§ HOW TO COMPLETE THIS TASK
The entries are to be repeated exactly, with all pictures omitted.

___

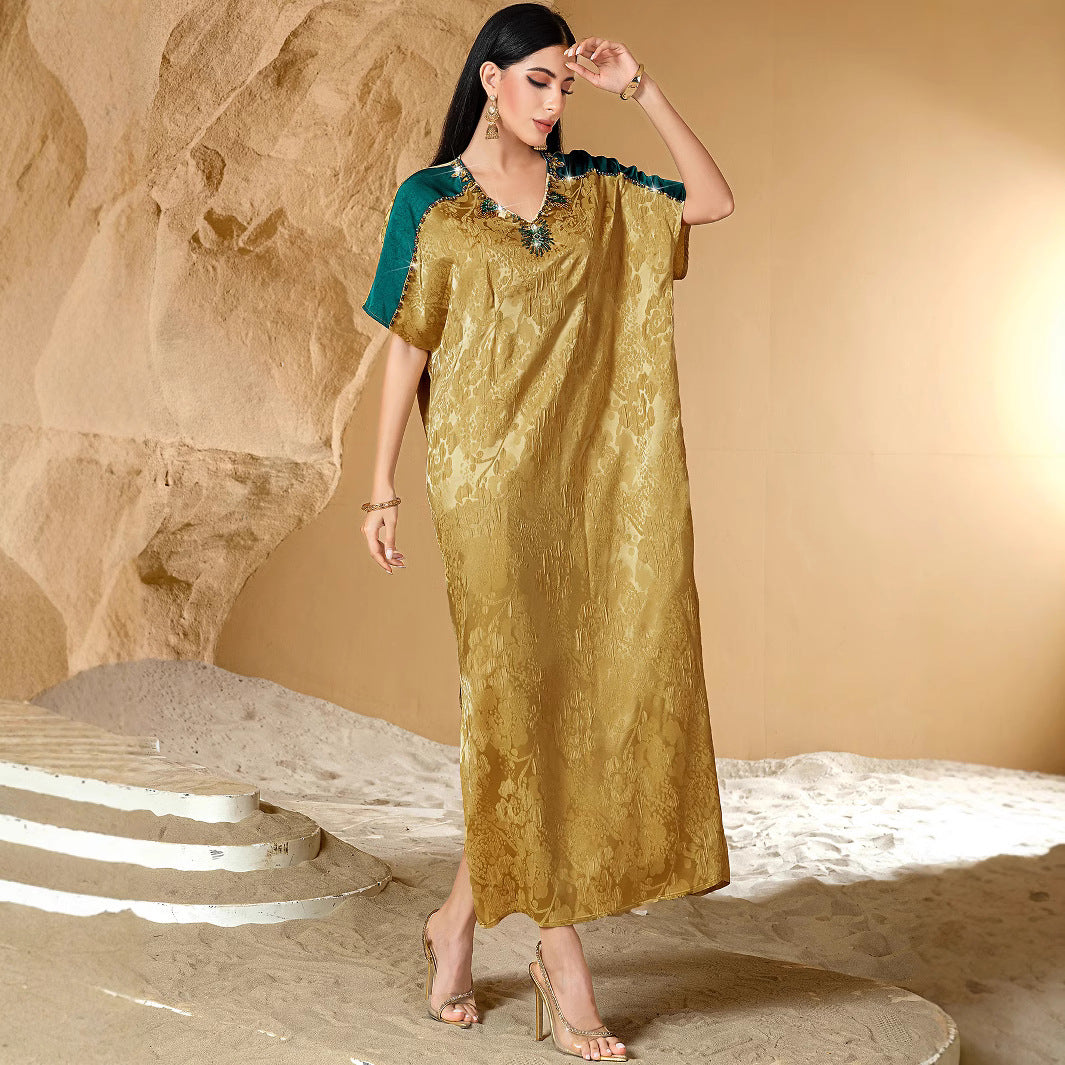 15158 new contrasting satin three-dimensional jacquard ABAYA robe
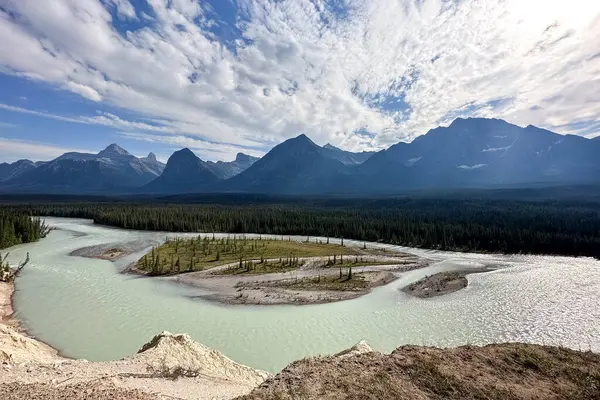 Jasper Ulusal Parkı 'ndaki Athabasca Nehri. Alberta, Kanada. 
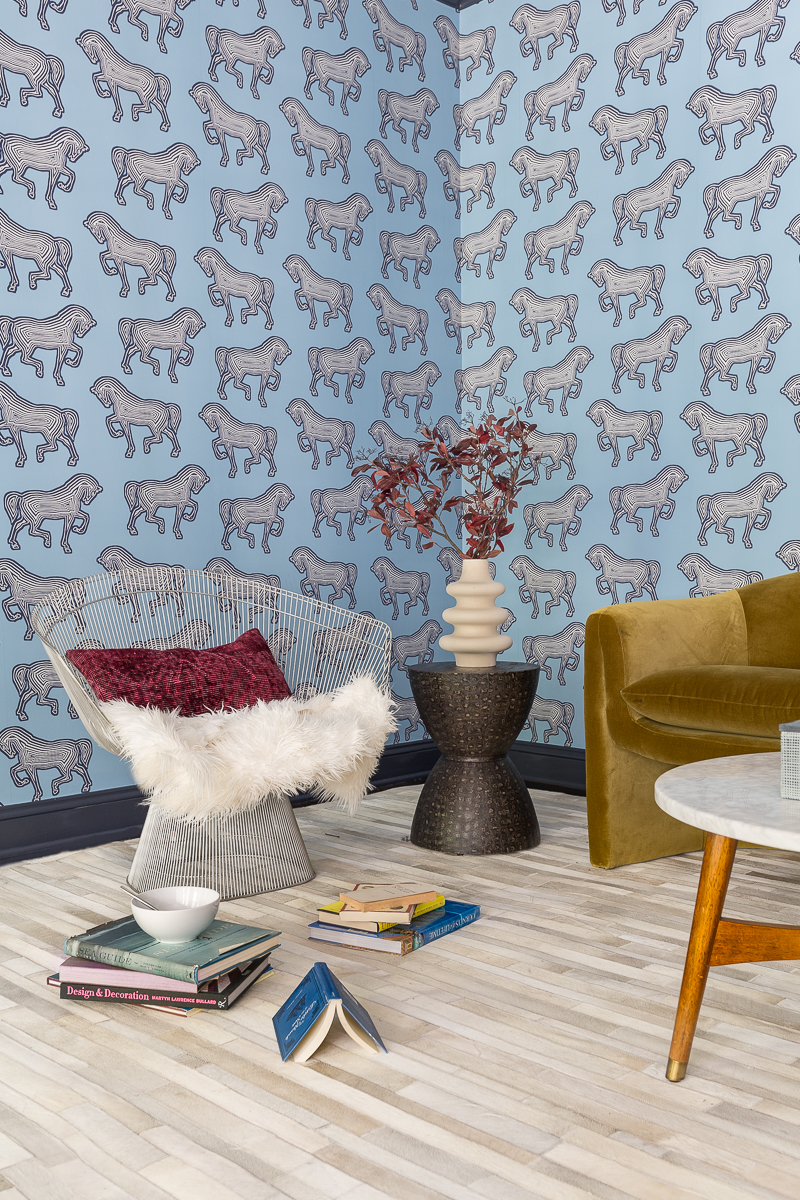 Schumacher Wallpaper in the Entryway and TV Room!!! ⋆ Jeweled Interiors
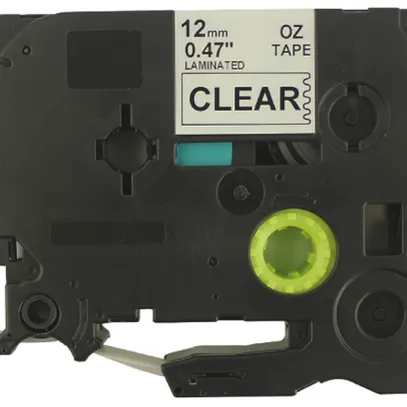 Cassette ruban compatible avec OZE-135, 12mm×8m, transparent-blanc 
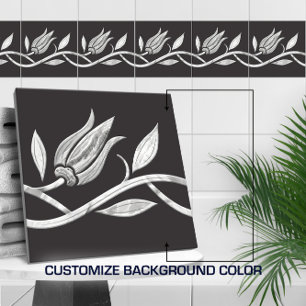 Azulejo De Cerâmica Borda sem costura de tulipa turca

___

§ SOLUTION TO THE EXERCISE
 15158 new contrasting satin three-dimensional jacquard ABAYA robe
 Jasper Ulusal Parkı 'ndaki Athabasca Nehri. Alberta, Kanada. 
 Schumacher Wallpaper in the Entryway and TV Room!!! ⋆ Jeweled Interiors
 Cassette ruban compatible avec OZE-135, 12mm×8m, transparent-blanc 
 Azulejo De Cerâmica Borda sem costura de tulipa turca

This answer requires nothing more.